I'm less concerned about definition variables being used outside the model with the associated data. After all, the front-end is flattening all the dependent submodes into one giant thingy, so where the user places definition variables is a matter of style not substance.

I am concerned about the following scenario, which does NOT reference definition variables outside the model with the associated data (although I could have written it so that it did).

Does 'alg' see intermediate values of submodel1.A and submodel2.A? Or does it see the values for the last row in the data frames? If it always sees the value of the last row, then we are consistent and that doesn't bother me.

'Alg' should never see intermediate values.

After the initial computation, 'A' in each submodel will be filled in with the appropriate (last row) data value. Those value will only change during the FIML calculation, and will be set to the last row at the end of the FIML Objective, which is before anything else will be calculated. In this case, they actually won't change at all, since the FIML Objective won't be calculated as part of the objective computation.
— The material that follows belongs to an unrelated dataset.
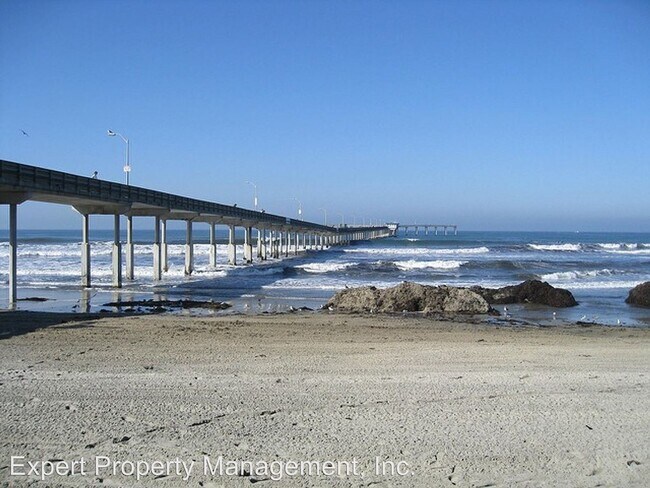 Foto del edificio - 5041 Santa Monica Ave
I wouldn't count on this behavior, though. As OpenMx becomes more parallel, we'll have to be very careful if we want to keep this behavior consistent.

Thanks Tim and Michael... hmmm.

Both answers have similar implications: anywhere a definition variable is needed (G*E designs etc), the algebras have to be per-group: Either written in duplicate in the supermodel with full addresses for the definition variables including their model, or cloned into submodels.

The logic makes sense: it is all per person, so someone is going to have to make a unique structure per group.

I guess I thought when solving for a parameter that has to be equal in all the groups (like a beta weight), that it would be possible to specify that abstractly at the supergroup level (just as shared non-definition values can be solved for, like a value for A that works in all groups). Then that the optimiser would bring in the right data via the group-specific mxData() statement, and solve the algebra locally for the objective function, using group specific definition data for "data.def", along-side shared definition parameter values like "top.A"

OK: forward to the drawing board :-) Thanks again!!

hi steve and mike,

Thanks for that: I had looked at the definition scripts, but didn't grok the special meaning of the "data." prefix.

That's a powerful tool. Nice!

I made a bit of a page about it, will expand as learn more.

I wonder if the summary should collect up and report vars used as individual level? would help with debugging, I think.

What I'd really like to see is the option for the back end to return the parameters and fit for each individual when we are running FIML.

So, instead of a vector of summary-level parameters coming back, we'd get an NxP matrix of parameters. Statistics on these individual-level parameters can be very useful.